Glen Cohen

Personal information
- Nationality: British/Jamaican
- Born: 22 April 1954 (age 72) Linstead, Saint Catherine, Jamaica
- Height: 185 cm (6 ft 1 in)
- Weight: 76 kg (168 lb)

Sport
- Sport: Athletics
- Event: 400 m
- Club: WBAC

Medal record
Men's athletics
Representing Great Britain
European Championships
| Gold medal – first place | 1974 Rome | 4×400 m |

= Glen Cohen =

British sprinter (born 1954)

Glendon Howard Cohen (born 22 April 1954) is a male retired Jamaican-born British track and field athlete who competed in the sprints.

== Biography ==
Born in Linstead, St. Catherine, Jamaica, he moved over to England as a child, growing up in Wolverhampton, and represented Great Britain at the Olympic Games of 1976 and 1980 in the 400 metres. He was a member of Wolverhampton & Bilston Athletics Club. His personal best of 45.49 was achieved in 1978.
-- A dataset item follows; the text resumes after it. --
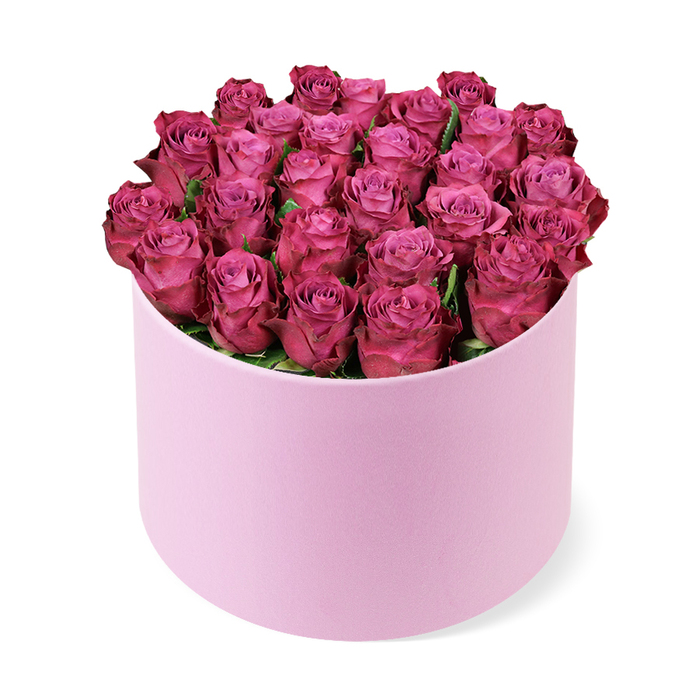 A round hat box of roses stands alone against a pristine white background, the simplicity of its setting allowing every nuance of colour and texture to shine. The roses, in shades of deep fuchsia and jewel-like magenta, are arranged with meticulous precision, their heads aligned to create a perfectly domed surface that seems almost sculpted. Each flower appears at peak freshness, petals tightly layered yet just beginning to open, revealing pale pink whorls at the centre and gradually deepening towards the outer edges into intense, berry-toned purples. The blooms are so densely packed that they rise in a plush cushion above the top of the container, overflowing in a way that suggests pure abundance. The cylindrical hat box is a gentle, light pastel pink, its matte, almost velvet-like finish adding a tactile softness that mirrors the feel of rose petals brushed against the fingertips. Only minimal flashes of dark green foliage break through near the base of the flowers, used sparingly so the focus remains firmly on the rich colour of the roses. A delicate shadow beneath the box grounds it on the smooth white surface, while the bright but diffused lighting creates a sense of clarity without harshness. As a local florist serving Gerrards Cross and nearby Chalfont St Peter, I see this arrangement as ideal for an elegant anniversary weekend at home near West Common or a luxurious thank-you gift delivered to an office close to the station, an image that conveys romance, high-end craftsmanship, and the quiet thrill of receiving something truly special.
Cohen finished second behind David Jenkins in the 400 metres event at the 1975 AAA Championships.

He represented England in the 400 metres and 400 metres relay events, at the 1978 Commonwealth Games in Edmonton, Alberta, Canada.

Cohen competed for the Boston University Terriers track and field team in the NCAA.